# Finding the Mode of a continous distribution

• A
• chwala
In summary, the conversation discusses the mode of a uniform distribution and whether it can have a maximum value. It is clarified that the mode is not always equal to the mean or median, and that for a normal distribution, the mean, mode, and median are all equal. The conversation also briefly touches on the probability of a continuous distribution equaling a specific real number.

#### chwala

Gold Member
TL;DR Summary
I am just going through the literature on Median and mode of continous data. It is quite clear to me on how to get Median i.e from the Function of the probability distribution and also on how to find the Mode i.e which is the gradient of the probability distribution (in essence the probability density function). Attached is my reference on the literature.

My question is; ' are there cases where we may have a continuous distribution that has no Mode value? or is it that the Mode will always be there due to the reason that any given function will have a maximum at some point. Cheers.

What is the mode of a uniform distribution?

Also, a PDF need not have a maximum, for example: $$f : x \mapsto \begin{cases} 0 & x \leq 0 \\ \frac{1}{2\sqrt{x}} & 0 < x < 1 \\ 0 & x \geq 1 \end{cases}$$

pasmith said:
What is the mode of a uniform distribution?

Also, a PDF need not have a maximum, for example: $$f : x \mapsto \begin{cases} 0 & x \leq 0 \\ \frac{1}{2\sqrt{x}} & 0 < x < 1 \\ 0 & x \geq 1 \end{cases}$$
Mode of a uniform distribution ##=0.5## which is also equal to Median = Mean.

pasmith said:
What is the mode of a uniform distribution?

Also, a PDF need not have a maximum, for example: $$f : x \mapsto \begin{cases} 0 & x \leq 0 \\ \frac{1}{2\sqrt{x}} & 0 < x < 1 \\ 0 & x \geq 1 \end{cases}$$
I'll check this later...thanks...

chwala said:
Mode of a uniform distribution ##=0.5## which is also equal to Median = Mean.
Why would the more of a uniform distribution be 0.5? That doesn’t follow from the definition

pasmith said:
What is the mode of a uniform distribution?

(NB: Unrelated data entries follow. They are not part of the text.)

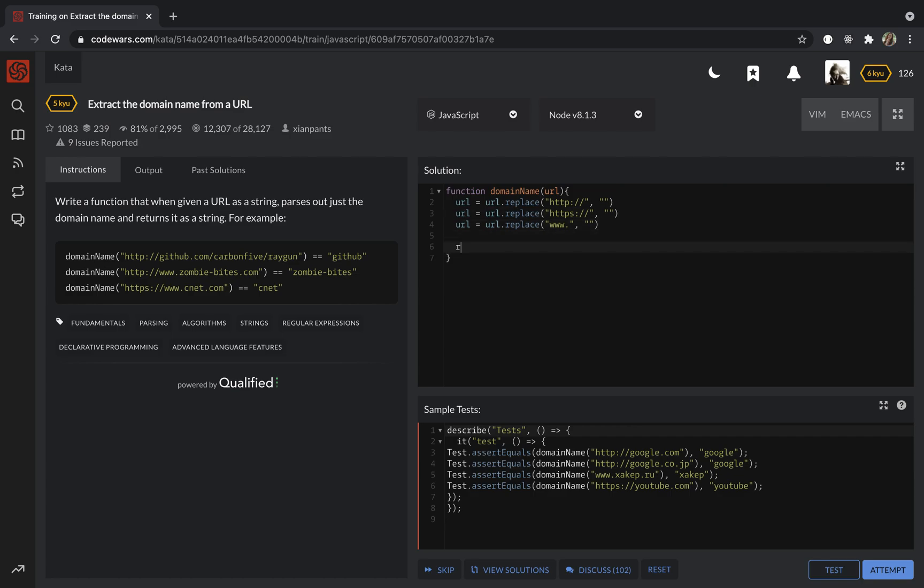Then I want to return the URL split by dot, and return the first element, which is the domain name.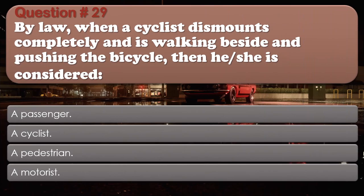Question number 29. By law, when a cyclist dismounts completely and is walking beside and pushing the bicycle, then he or she is considered: A passenger. A cyclist. A pedestrian. A motorist. The correct answer is: A pedestrian.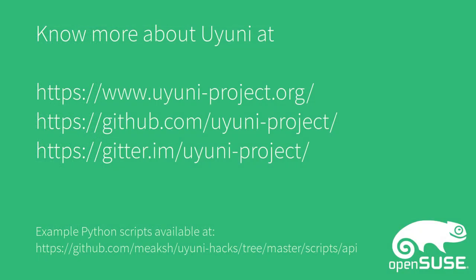That was it. Here you have some more links and you can also see the example script that we have been using, so feel free to do some experiments. I hope this video helped you to know more about how you can play with the Uyuni API using Python. Thank you.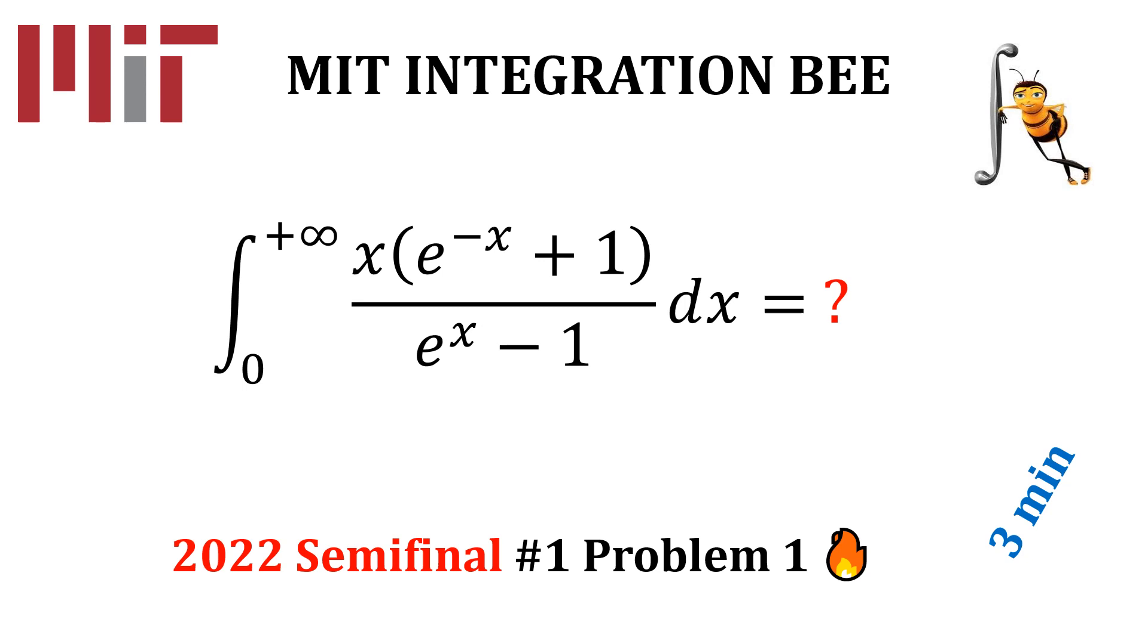Hey guys, this is Ulrich from Nostalgic Mathematics. Welcome to our MIT Integration Bee 2022 series. Today we turn our attention to problem one of the first semifinal. We will compute this integral. If you are new here, do not forget to subscribe.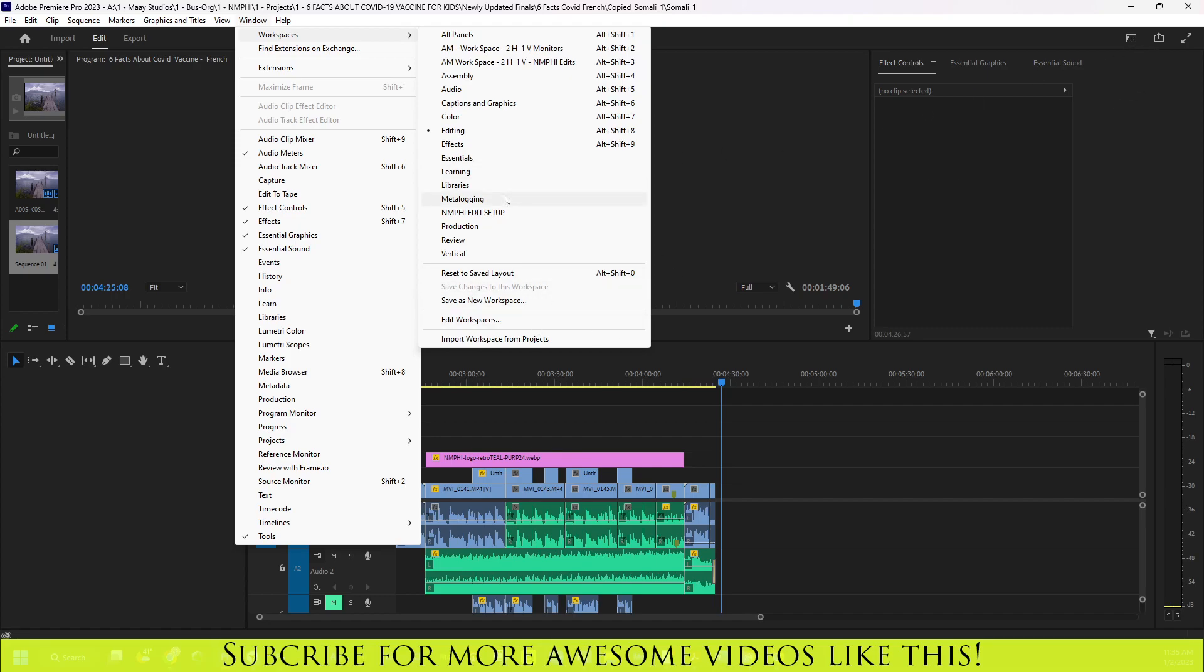So now with the update, what Adobe did is they included the Frame.io extension under the review workspace. Why did they do that? Well, Frame.io is used for reviews and reviewing the projects with clients and with team members and stuff like that. So that's probably why they put it under review.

Also, a PDF need not have a maximum, for example: $$f : x \mapsto \begin{cases} 0 & x \leq 0 \\ \frac{1}{2\sqrt{x}} & 0 < x < 1 \\ 0 & x \geq 1 \end{cases}$$
Mode would be
Dale said:
Why would the more of a uniform distribution be 0.5? That doesn’t follow from the definition
I got the definition wrong. I thought (it was a general question) and that uniform equates to the Normal distribution. Wrong!

To be clear, the Mode being asked is in reference to post ##2## right...if so then i will check it out.

pasmith said:
What is the mode of a uniform distribution?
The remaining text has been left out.